Lines before the one containing "Alternate image for" are left out; return that line and all lines after it, exactly, through the end of the records below.

[PROVIDED RECORDS]

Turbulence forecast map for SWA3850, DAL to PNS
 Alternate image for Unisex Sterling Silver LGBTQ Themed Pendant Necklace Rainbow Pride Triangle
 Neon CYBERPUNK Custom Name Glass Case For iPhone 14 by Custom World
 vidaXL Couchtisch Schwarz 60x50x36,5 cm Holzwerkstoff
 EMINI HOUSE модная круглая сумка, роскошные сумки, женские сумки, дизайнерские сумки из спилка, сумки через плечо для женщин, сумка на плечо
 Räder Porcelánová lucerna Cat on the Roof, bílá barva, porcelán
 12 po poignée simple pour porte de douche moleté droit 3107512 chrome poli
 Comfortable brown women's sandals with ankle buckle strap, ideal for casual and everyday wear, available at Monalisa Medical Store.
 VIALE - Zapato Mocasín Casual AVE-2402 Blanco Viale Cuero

[/PROVIDED RECORDS]

> **TASK SOLUTION**:
 Alternate image for Unisex Sterling Silver LGBTQ Themed Pendant Necklace Rainbow Pride Triangle
 Neon CYBERPUNK Custom Name Glass Case For iPhone 14 by Custom World
 vidaXL Couchtisch Schwarz 60x50x36,5 cm Holzwerkstoff
 EMINI HOUSE модная круглая сумка, роскошные сумки, женские сумки, дизайнерские сумки из спилка, сумки через плечо для женщин, сумка на плечо
 Räder Porcelánová lucerna Cat on the Roof, bílá barva, porcelán
 12 po poignée simple pour porte de douche moleté droit 3107512 chrome poli
 Comfortable brown women's sandals with ankle buckle strap, ideal for casual and everyday wear, available at Monalisa Medical Store.
 VIALE - Zapato Mocasín Casual AVE-2402 Blanco Viale Cuero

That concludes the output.